- **Extracted records**:
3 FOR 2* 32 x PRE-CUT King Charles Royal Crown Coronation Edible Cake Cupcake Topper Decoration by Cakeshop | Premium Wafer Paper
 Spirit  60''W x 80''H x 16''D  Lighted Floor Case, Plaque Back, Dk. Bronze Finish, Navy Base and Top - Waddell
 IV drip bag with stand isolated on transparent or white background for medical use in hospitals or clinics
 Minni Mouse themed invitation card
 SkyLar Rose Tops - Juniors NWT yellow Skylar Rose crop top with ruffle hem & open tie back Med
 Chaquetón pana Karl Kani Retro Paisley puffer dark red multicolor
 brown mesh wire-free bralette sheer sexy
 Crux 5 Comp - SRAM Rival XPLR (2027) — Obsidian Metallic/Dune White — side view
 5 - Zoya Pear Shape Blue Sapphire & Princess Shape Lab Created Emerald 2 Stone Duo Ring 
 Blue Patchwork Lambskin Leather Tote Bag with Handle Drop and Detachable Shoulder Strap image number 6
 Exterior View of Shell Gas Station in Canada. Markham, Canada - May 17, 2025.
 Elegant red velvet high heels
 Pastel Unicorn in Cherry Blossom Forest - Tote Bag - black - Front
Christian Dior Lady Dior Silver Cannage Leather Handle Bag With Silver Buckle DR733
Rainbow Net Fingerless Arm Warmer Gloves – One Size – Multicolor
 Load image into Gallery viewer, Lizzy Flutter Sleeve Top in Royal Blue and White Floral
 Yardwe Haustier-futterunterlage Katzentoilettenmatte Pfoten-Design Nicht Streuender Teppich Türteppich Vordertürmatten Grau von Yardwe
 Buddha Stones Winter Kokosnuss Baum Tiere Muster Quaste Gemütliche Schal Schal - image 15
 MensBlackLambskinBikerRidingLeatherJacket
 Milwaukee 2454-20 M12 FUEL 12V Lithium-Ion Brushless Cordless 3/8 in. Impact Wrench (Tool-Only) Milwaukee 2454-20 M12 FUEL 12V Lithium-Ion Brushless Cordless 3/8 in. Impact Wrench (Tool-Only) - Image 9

- **Prompt**:
Write out every entry verbatim.

- **Answer to this exercise**:
3 FOR 2* 32 x PRE-CUT King Charles Royal Crown Coronation Edible Cake Cupcake Topper Decoration by Cakeshop | Premium Wafer Paper
 Spirit  60''W x 80''H x 16''D  Lighted Floor Case, Plaque Back, Dk. Bronze Finish, Navy Base and Top - Waddell
 IV drip bag with stand isolated on transparent or white background for medical use in hospitals or clinics
 Minni Mouse themed invitation card
 SkyLar Rose Tops - Juniors NWT yellow Skylar Rose crop top with ruffle hem & open tie back Med
 Chaquetón pana Karl Kani Retro Paisley puffer dark red multicolor
 brown mesh wire-free bralette sheer sexy
 Crux 5 Comp - SRAM Rival XPLR (2027) — Obsidian Metallic/Dune White — side view
 5 - Zoya Pear Shape Blue Sapphire & Princess Shape Lab Created Emerald 2 Stone Duo Ring 
 Blue Patchwork Lambskin Leather Tote Bag with Handle Drop and Detachable Shoulder Strap image number 6
 Exterior View of Shell Gas Station in Canada. Markham, Canada - May 17, 2025.
 Elegant red velvet high heels
 Pastel Unicorn in Cherry Blossom Forest - Tote Bag - black - Front
Christian Dior Lady Dior Silver Cannage Leather Handle Bag With Silver Buckle DR733
Rainbow Net Fingerless Arm Warmer Gloves – One Size – Multicolor
 Load image into Gallery viewer, Lizzy Flutter Sleeve Top in Royal Blue and White Floral
 Yardwe Haustier-futterunterlage Katzentoilettenmatte Pfoten-Design Nicht Streuender Teppich Türteppich Vordertürmatten Grau von Yardwe
 Buddha Stones Winter Kokosnuss Baum Tiere Muster Quaste Gemütliche Schal Schal - image 15
 MensBlackLambskinBikerRidingLeatherJacket
 Milwaukee 2454-20 M12 FUEL 12V Lithium-Ion Brushless Cordless 3/8 in. Impact Wrench (Tool-Only) Milwaukee 2454-20 M12 FUEL 12V Lithium-Ion Brushless Cordless 3/8 in. Impact Wrench (Tool-Only) - Image 9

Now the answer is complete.